If you’re one who tunes in to every latest news from Salon International de la Haute Horlogerie (SIHH) and/or Baselworld, then you probably know that a luxury watch (vintage or otherwise, priced upwards of $8,000) is today’s quintessential blue-chip if you’re looking to buff up your investment portfolio. Especially so, if stock trading is something you simply can’t seem to wrap your head around.
While many may think that watch collecting is a hobby exclusive to the 1%, it’s becoming more apparent today that the watch collector hides in plain sight. From Instagram KOLs, tattooed bros, John Mayer — whose collection of Rolexes and WWII-era Luftwaffe watches is supposedly worth tens of millions, to perhaps your older cousin and next-door neighbour — even the people you least expect might own a luxury timepiece.
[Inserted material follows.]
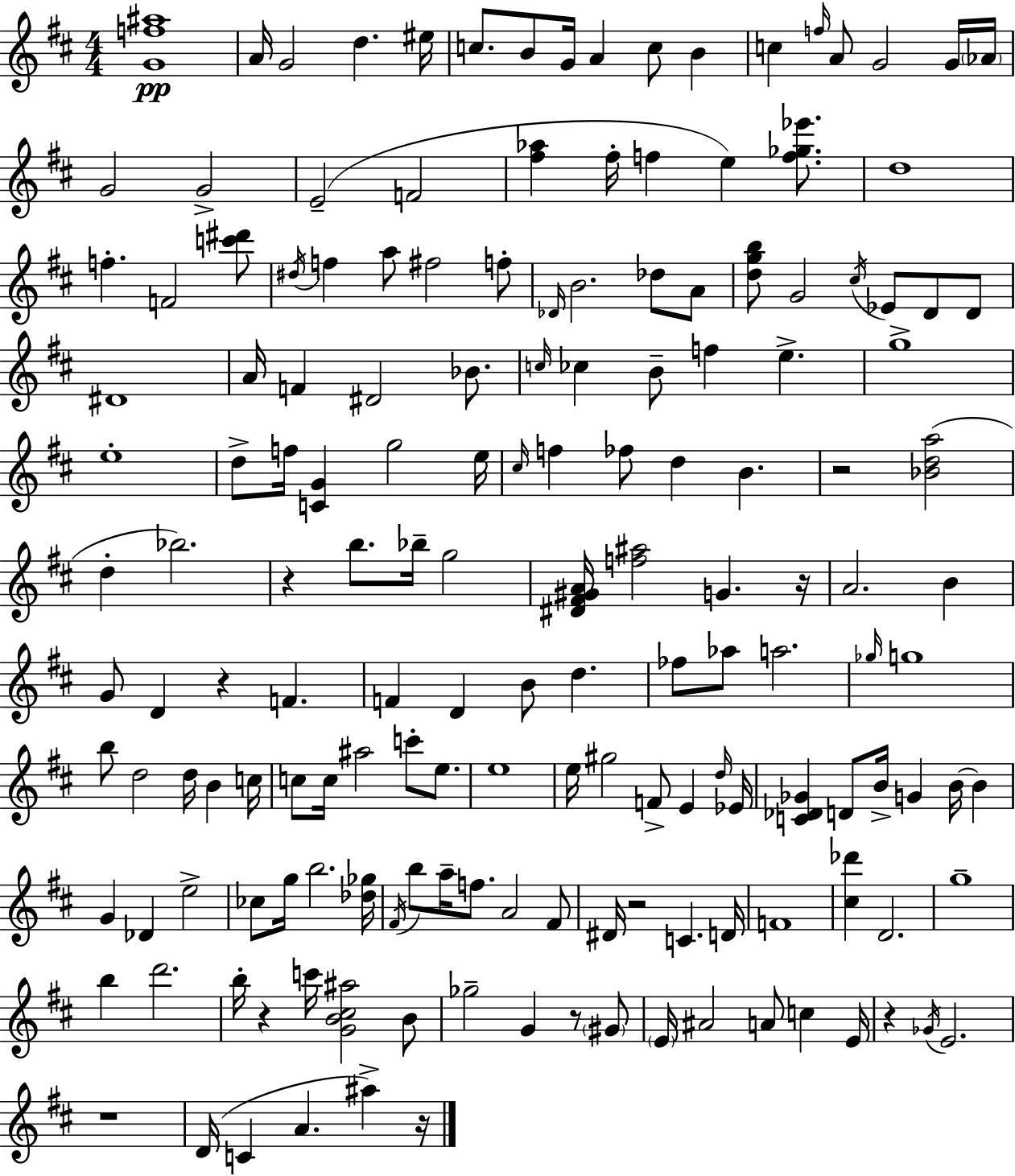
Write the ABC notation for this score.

Similar to the stock market, the value of your most flex-worthy wrist candy will likely rise and fall, but many sought-after classic models from labels like Patek Philippe, Omega, and Rolex have been proven to be almost a sure thing when it comes to appreciation — that is to have its price double in value or more in just 2 to 3 years, due to their rarity in the market and influence in the horology industry as well as pop culture (James Bond anyone?). And those you can turn to if you need to make a failsafe decision for where your money is really going.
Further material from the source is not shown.